Conduziu-nos a este lugar e deu-nos esta terra,
uma terra onde corre leite e mel.
E agora venho trazer-Vos as primícias dos frutos da terra
que me destes, Senhor’.
Então colocarás diante do Senhor, teu Deus,
as primícias dos frutos da terra
e te prostrarás diante do Senhor, teu Deus».
Israel é um povo que reporta a Deus toda a sua vida. A libertação do Egito e a entrada na terra prometida são o maior acontecimento da sua história. Deus libertou o seu povo e deu-lhe uma terra e o povo recorda esta proeza histórica, anualmente. O povo sabe que deve tudo a Deus.

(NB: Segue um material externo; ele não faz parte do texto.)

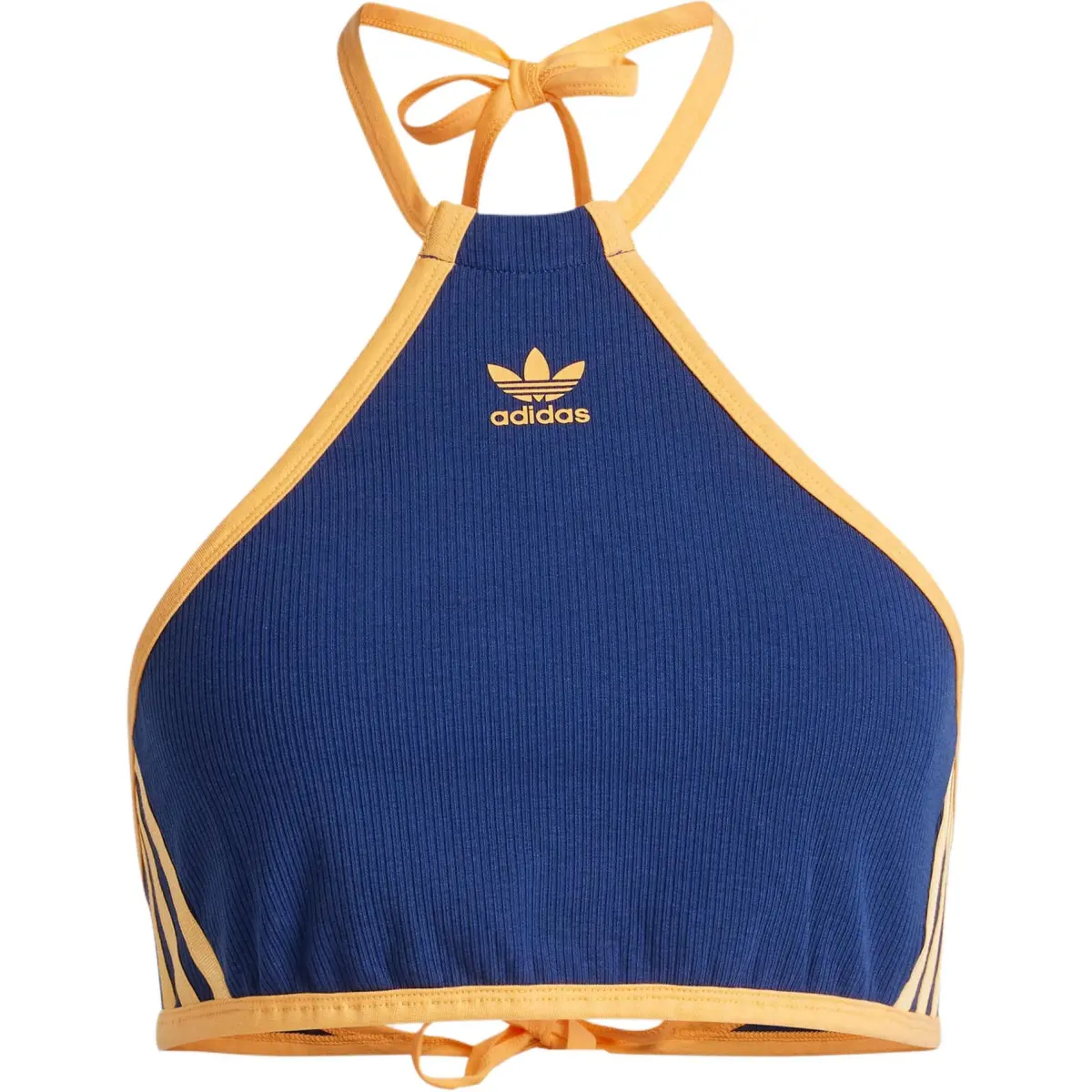 Adidas logo-print halterneck crop top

Todos os anos escolhe os primeiros frutos das colheitas e os primeiros animais do rebanho para oferecer a Deus, grato e confiante na contínua bênção de Deus.

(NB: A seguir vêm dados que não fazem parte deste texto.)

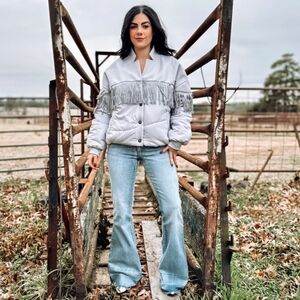 2 Two FLY NWT Western Silver fringe puffer jacket Concho Buttons Sz S/M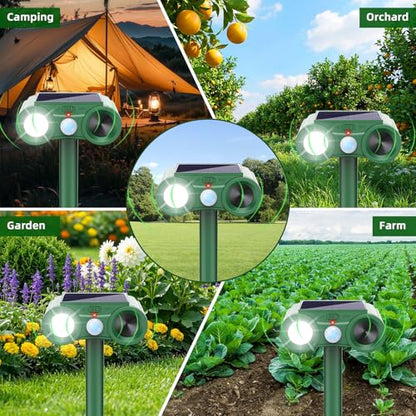 2026 Solar Ultrasonic Animal Repellent Outdoor 4 Pack Deer Squirrel Deterrent with Motion Sensor & Flashing Light, Sonic Racoon Fortress Pro Repeller to Keep Cat Rabbit Dog Out of Yard & Garden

Salmo Responsorial Sl 90 (91), 1-2.10-15 (R. cf. 15b)
O salmo afirma a total proteção de Deus para com o seu povo, mas antecipa também o diálogo do evangelho, onde o diabo utiliza as palavras do salmo para tentar Jesus, “Ele mandará aos seus Anjos que te guardem em todos os teus caminhos. Na palma das mãos te levarão, para que não tropeces em alguma pedra”. Sendo verdade que Deus protege Jesus, também é verdade que a palavra de Deus não pode ser usada para pôr Deus à prova.
LEITURA II Rm 10, 8-13
Irmãos:
Que diz a Escritura?
«A palavra está perto de ti,
na tua boca e no teu coração».
Esta é a palavra da fé que nós pregamos.
Se confessares com a tua boca que Jesus é o Senhor
e se acreditares no teu coração
que Deus O ressuscitou dos mortos,
serás salvo.
Pois com o coração se acredita para obter a justiça
e com a boca se professa a fé para alcançar a salvação.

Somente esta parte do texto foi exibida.